Elisabeth Milich made headlines in March 2018 when she posted her pay stub from her teaching job at Whispering Wind Academy in reaction to Gov. Doug Ducey’s public claim that teachers’ salaries in Arizona had gone up 4.4 percent and had reached an average of $48,000 per year, according to CBS News. But Milich’s annual salary totaled $35,621 — and that was after receiving a raise of just $131.
At the time, thousands of teachers were marching at the Arizona state capitol in the #RedforEd movement, rallying for a 20 percent increase in salaries and better funding for classroom resources, according to Good Morning America. Milich said that despite her low salary at Whispering Wind — a Title 1 school that relies on federal funds — she often had to dip into her own pocket to provide supplies to her low-income students.
“It’s hard to make a decision to spend money on your home, your own kids or spend money on your school kids that desperately need the help,” the mom of three told Good Morning America. “I feel fortunate and blessed that I’m not a single mom. I have my husband’s income where I can buy [lunch] for kids that don’t have lunch for field trips but as for fun stuff, I can’t buy a set of 20 paints.”

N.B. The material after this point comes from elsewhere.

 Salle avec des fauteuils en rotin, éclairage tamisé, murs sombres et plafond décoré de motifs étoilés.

Many across the country sympathized with Milich’s plight, but perhaps none were moved more than a New York City businessman named Ben Adam, who also happened to have the resources to help. Adam reached out to Milich on Facebook to let her know he wanted to help buy supplies for her classroom.

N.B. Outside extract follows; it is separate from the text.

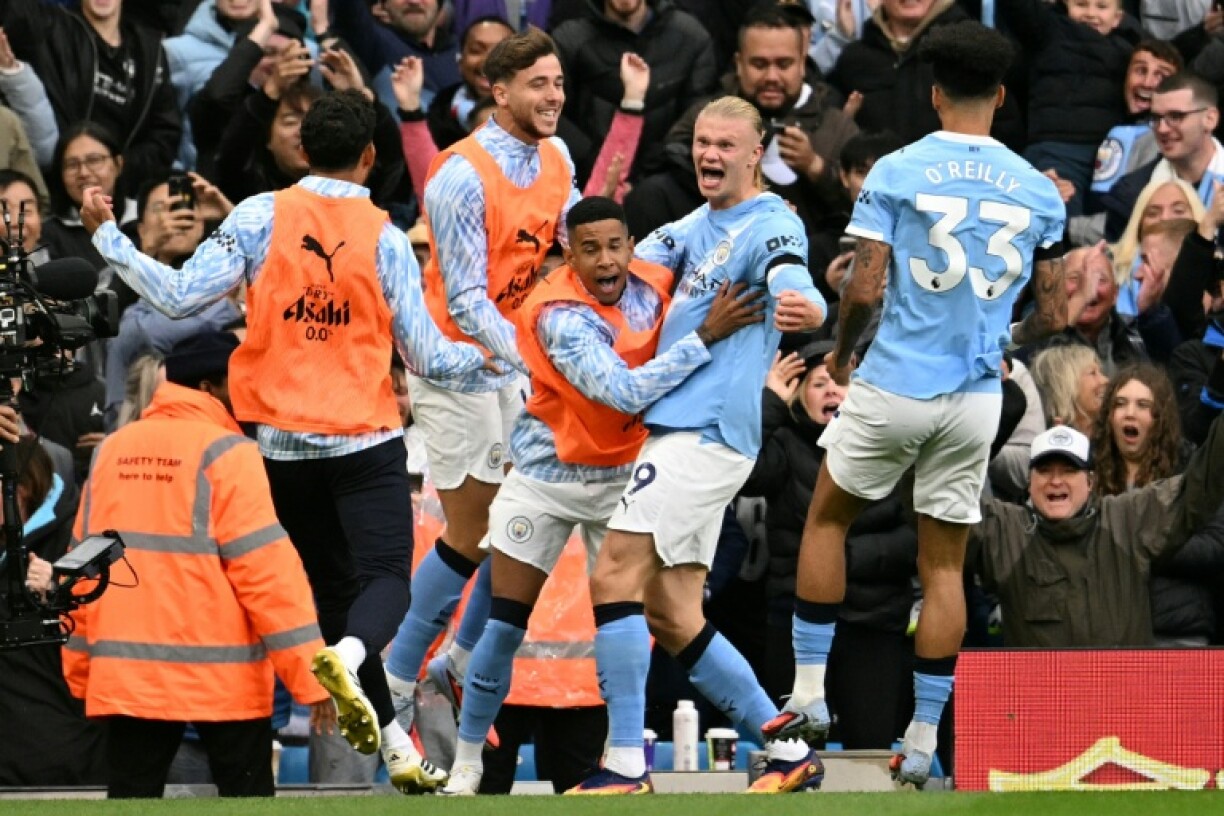 Erling Haaland (2nd R) took centre stage with a second-half double as City bounced back from two consecutive Premier League defeats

“I’m thinking, ‘This is crazy. This is a total stranger from New York,'” Milich told Good Morning America. “When school started, I started getting Amazon packages. I thought it was a one-time thing.”
But it wasn’t. Adam continued to deliver supplies like colored paper, books, paints, paintbrushes and snacks to Milich’s class throughout the year. Then he asked if he could help out more by “adopting” more classrooms at Whispering Wind. He went on to help five different classes at the school.
“I’m sensitive to the people that get the short end of the stick and without complaining,” Adam, a dad of three and owner of a real estate company, told Good Morning America. “Teachers work very hard and don’t get much in return.”
But Adam’s generosity didn’t stop there. Last month he launched Classroom Giving, an online organization that helps facilitate outside donations to underfunded schools. Instead of crowdsourcing funds, the site allows donors to choose items from teachers’ wishlists to send to needy schools.
“Teachers and their classrooms need supplies on an ongoing basis,” the site says, “regardless of school projects and curriculum or the generosity of relatives and friends.”
“We are not asking for donations and we are not raising any funds,” Adam told Good Morning America. “[The site] takes you to Amazon and you enter the classroom address into your Amazon address book. You send whatever you can afford and you know that item has gotten exactly to the person you sent it to.”
Adam has received requests for donations from Colorado, Washington, Alaska and California, and hopes to expand his campaign beyond that. To date, Adam and Milich have not met in person, but the teacher said if she ever does meet her benefactor, she wants to give him “a big hug.”